M. Michel Mercier, rapporteur. Ma chère collègue, le texte fondateur de cette obligation est un décret impérial de 1811 : il remonte donc à une époque où les idées républicaines en avaient quand même « pris un coup ». Et ce n'est pas ce texte qui les a restaurées dans leur plénitude ! Ce qui a suivi 1811, c'est 1815 et le baron Louis ! C'est en fait le baron Louis qui est à l'origine de nos finances publiques modernes.
L'obligation de déposer ces fonds au Trésor répond à un besoin évident : il faut que le moins d'argent possible sorte du circuit du Trésor, de manière que le Trésor soit toujours alimenté. C'est un bon principe technique, mais ce n'est pas du tout un principe républicain !
M. Alain Lambert, président de la commission. Il vaut en fait pour tous les régimes !
M. Michel Mercier, rapporteur. La République, grâce à Dieu, c'est bien autre chose !
Madame la secrétaire d'Etat, si vous ne voulez pas que nous touchions à ce principe - et je vous concède que l'occasion est un peu ténue pour modifier l'ordonnance du 2 janvier 1959 - vous avez une solution toute simple ! Il suffit que vous nous disiez que, puisque l'article 15 de l'ordonnance du 2 janvier 1959 permet au ministère des finances d'accorder des dérogations à cette obligation de placement, il examinera les demandes qui lui seront présentées et, lorsque le montant des ventes ou des recettes exceptionnelles justifiera la pertinence du placement envisagé, y compris hors du circuit du Trésor, il fera usage de ce pouvoir que lui confère l'article 15.

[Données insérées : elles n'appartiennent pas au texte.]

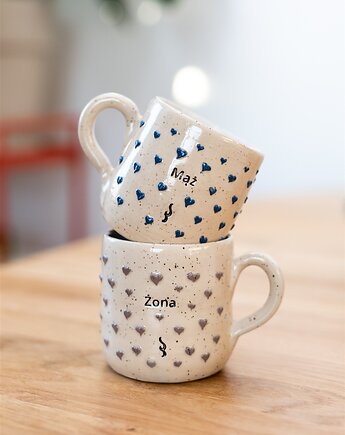 ZESTAW Ceramiczne Kubki 250 ml "Żona" & "Mąż", Dwa Wypały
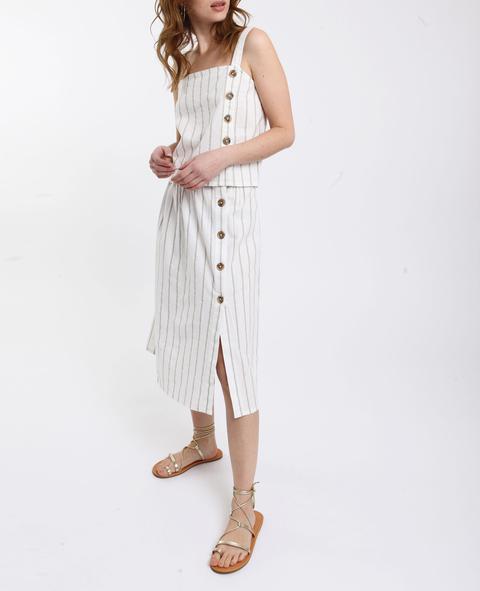 Falda Midi De Rayas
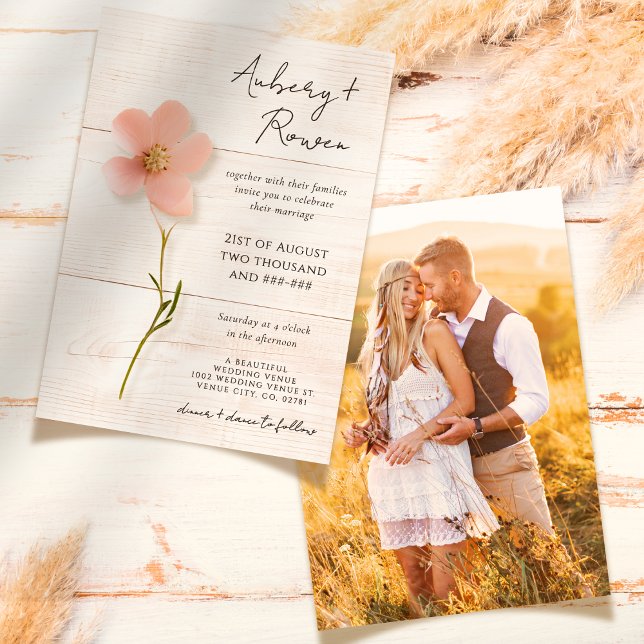 Invitación Boda fotográfico de Flor Silvestre Rustic Wood PRE (Subido por el creador)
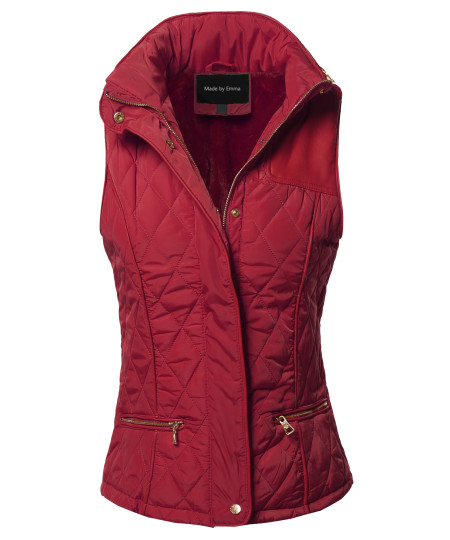 Women's Fitted Premium Solid Basic Quilted Warm Vest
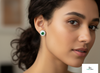 Round Natural Emerald & Diamond Halo Stud Earrings Fine White Gold Jewelry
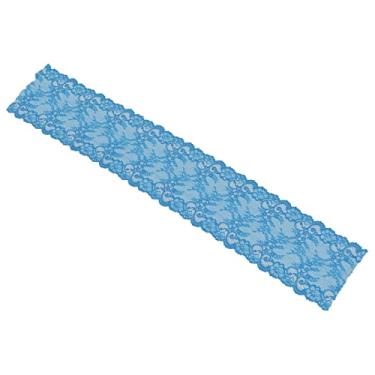 Imagem de Fita de renda larga e elástica Tecido de renda elástica Tecido de renda com padrão floral de 18 cm para decoração de festa de casamento Material de nylon 10 jardas 18 cm de largura (Azul)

Si vous nous dites cela, madame la secrétaire d'Etat, je proposerai sans hésiter à la commission de retirer l'article 1er.
M. le président. La parole est à M. Gaillard.
M. Yann Gaillard. J'ai écouté avec beaucoup d'attention, non seulement en tant que sénateur d'un département sinistré, mais aussi en tant que vice-président de la fédération des communes forestières de France, les explications de Mme la secrétaire d'Etat, et je dois confesser ma perplexité sur un point.
Mme la secrétaire d'Etat a paru indiquer que, par assimilation au régime des aliénations forcées du patrimoine communal, certains placements bénéficiant de conditions privilégiées pourraient être autorisés. Il s'agirait en fait de procéder auprès du réseau des comptables du Trésor, à des placements sans doute un peu plus rémunérateurs - mais dans quelles proportions ? - correspondant à une nouvelle catégorie de bons du Trésor ou ressemblant aux obligations assimilables du Trésor. C'est en tout cas ce que j'ai cru comprendre.
J'aimerais d'abord obtenir de vous, madame la secrétaire d'Etat, quelques précisions sur l'avantage financier que représenteraient de tels placements.
Il reste que la réforme de l'administration des finances annoncée par M. Christian Sautter et par vous-même prévoit, semble-t-il, à très brève échéance, la suppression des services chargés de l'épargne dans le réseau de la comptabilité publique. Dès lors, comment peut-on suggérer la réalisation de nouveaux placements auprès du réseau des comptables du Trésor alors que l'on va le supprimer d'ici six à sept mois ?
M. le président. Mes chers collègues, M. le rapporteur ayant évoqué l'éventualité d'un retrait de l'article 1er, en fonction de la réponse que lui apporterait Mme la secrétaire d'Etat, je vous propose d'interrompre nos travaux pendant quelques minutes, afin de permettre à la commission des finances de se réunir.
La séance est suspendue.
(La séance, suspendue à dix heures cinquante-cinq, est reprise à onze heures dix.)